Bad information from the start

In October, the EPA and OSHA were still putting out information to residents saying that if dust from the collapsed towers was in homes or offices "people should be sure to clean thoroughly and avoid inhaling dust while doing so."

State and federal agencies warned about the toxic material and asbestos in the dust and quickly told people to wear masks if they found dust when they returned to their homes.

Plain paper or cloth masks were worn by more then 1,800 volunteers from the Southern Baptist Church, the Salvation Army and other groups who cleaned hundreds of apartments.

No one told them that of the 29 most available brands of masks on the market, only one contained filters fine enough to stop the microscopic asbestos fibers.

The EPA and the state and city told residents who knew they had asbestos to "mop it up, wash it down and throw it away" and "avoid inhaling dust while doing so."

But state and federal asbestos-removal regulations demand that the cleanup be done by personnel wearing special respirators, full head-to-toe protective suits and gloves, and that the waste be disposed of only at authorized sites.

The EPA and New York Health Department point fingers at each other as the source of the misleading information.

Bellow admits that the EPA's Web site linked to incorrect guidance for office and apartment landlords and renters.

"It wasn't our information. It was from the (New York) state or city health department, and we removed it from our Web site last month," she said. "Obviously, our asbestos program was overwhelmed by a catastrophe of this magnitude. We are usually only concerned with asbestos from renovations and building demolition."

But a check of EPA's Web site yesterday found the same links were being used.

More bad information

When it came to the bureaucrats issuing medical information on asbestos, the contradictions were even more glaring.

The New York City Department of Health told residents that "asbestos-related lung disease results only from intense asbestos exposure experienced over a period of many years, primarily as a consequence of occupational exposures."

But the EPA's own experts as well as physicians at the CDC and private research centers have shown that a a single, heavy dose of asbestos can be enough to cause the lethal disease. Last month, the EPA issued a report documenting that casual exposure to asbestos has caused disease.

All the agencies play down the importance of test results that found dust samples that contained less then 1 percent asbestos.

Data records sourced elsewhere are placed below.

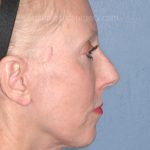 Upper & Lower Facelift - Brow Lift & Face/Neck Lift Before & After Patient #8029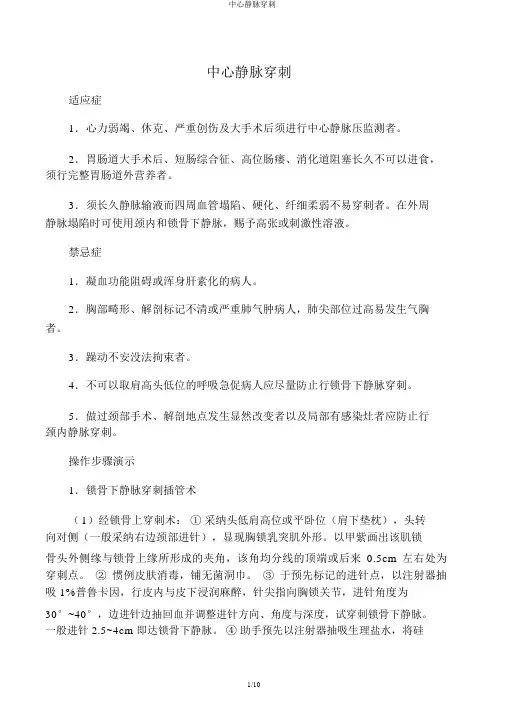 中心静脉穿刺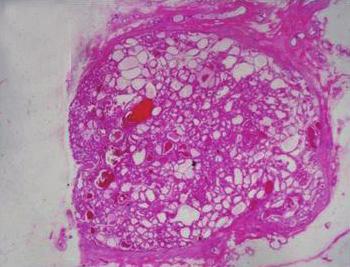 Invasive ductal carcinoma arising in intraductal papilloma (upper center, Fig. 2).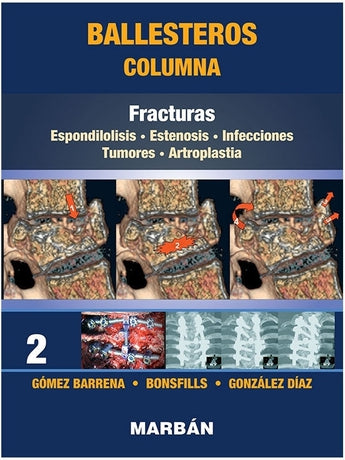 Columna Tomo 2: Fracturas ISBN: 9788418068485 Marban Libros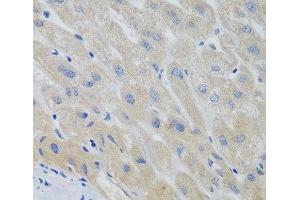 Immunohistochemistry of paraffin-embedded Human liver using PTTG1 Polyclonal Antibody at dilution of 1:100 (40x lens). (PTTG1 anticorps)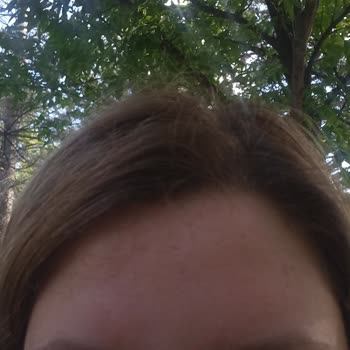 Aldığım Akne Kremi Ve Serumu Yüzümde Alerji Yaptı, İade Sorunu Yaşıyorum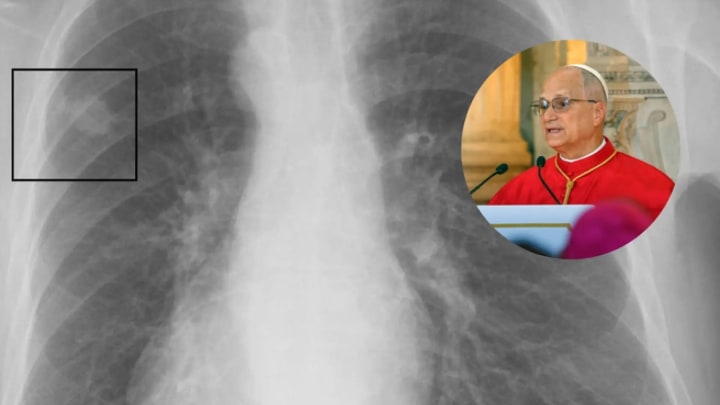 Què és un nòdul pulmonar, la lesió per la qual el Papa León XIV ha de passar per quiròfan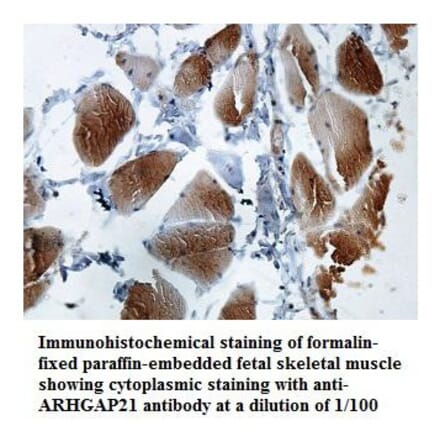 ARHGAP21 Antibody from Signalway Antibody (39849) - Antibodies.com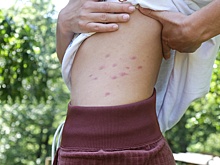 Как вывести блох в доме навсегда: лучшие способы и советы экспертов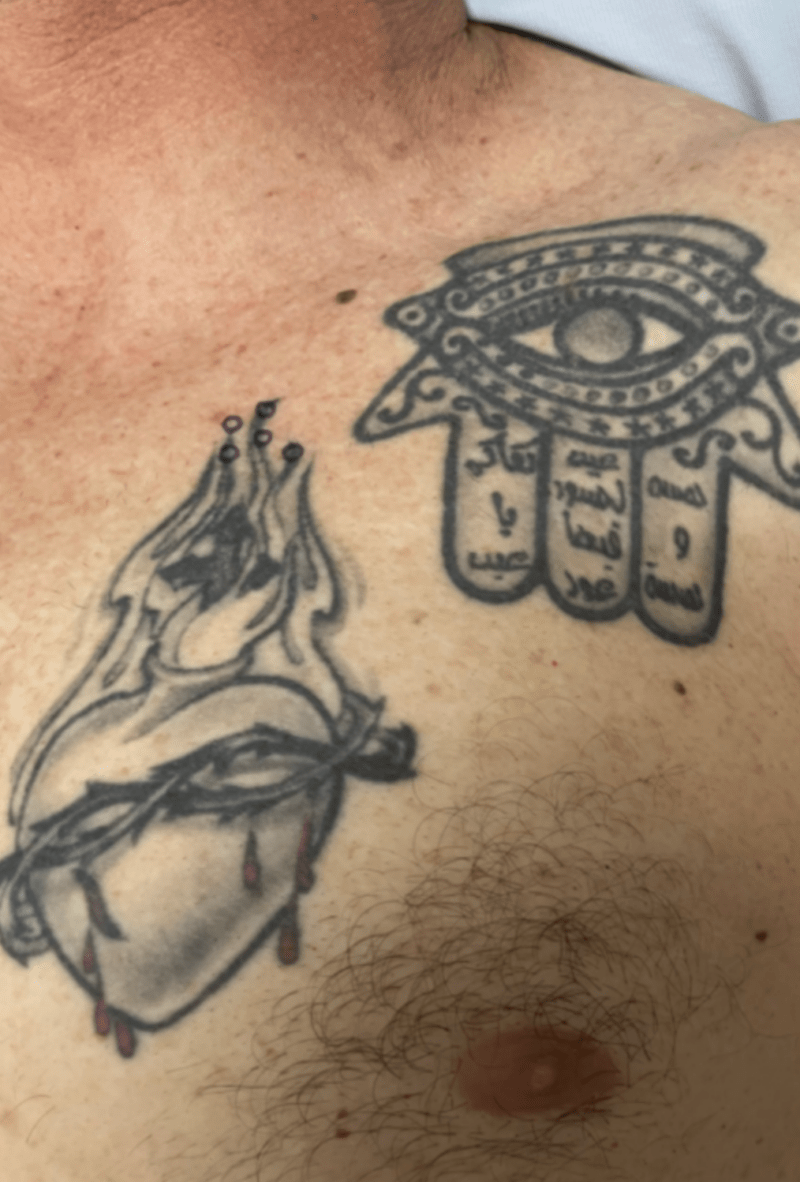 Tattoo Removal Before and After Pictures Tatt2Away®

"They keep calling it a trace. This implies to the public that there is no hazard from it," said Dr. Jerrold Abraham, director of environmental and occupational pathology at Upstate Medical University in Syracuse.

"If you're talking about pure chrysotile asbestos, there are 10 billion or more fibers per gram, or about a fifth of a teaspoon.

"Their whole measuring and reporting system needs to be made more honest."

The EPA's Bellow tried to answer the criticism.

"We didn't see ourselves as the primary source for information on what the health implications were. We're not a health agency," she said, adding that these are national issues that EPA headquarters should be addressing.

But headquarters has repeatedly declined to discuss these policy issues. Even before Sept. 11, the EPA was in turmoil over how to handle several asbestos problems throughout the nation.

Granger, who has studied the importance of risk communication, said the ball was dropped.

"We are talking about the very lives of these people and those they love," he said. "Because of the misleading or completely inaccurate government information and guidance, people don't know where to turn or whom to trust."

Starting today, the medical group representing the 250 New York unions will make doctors and proper asbestos safety equipment available to the day laborers who are cleaning many buildings and apartments.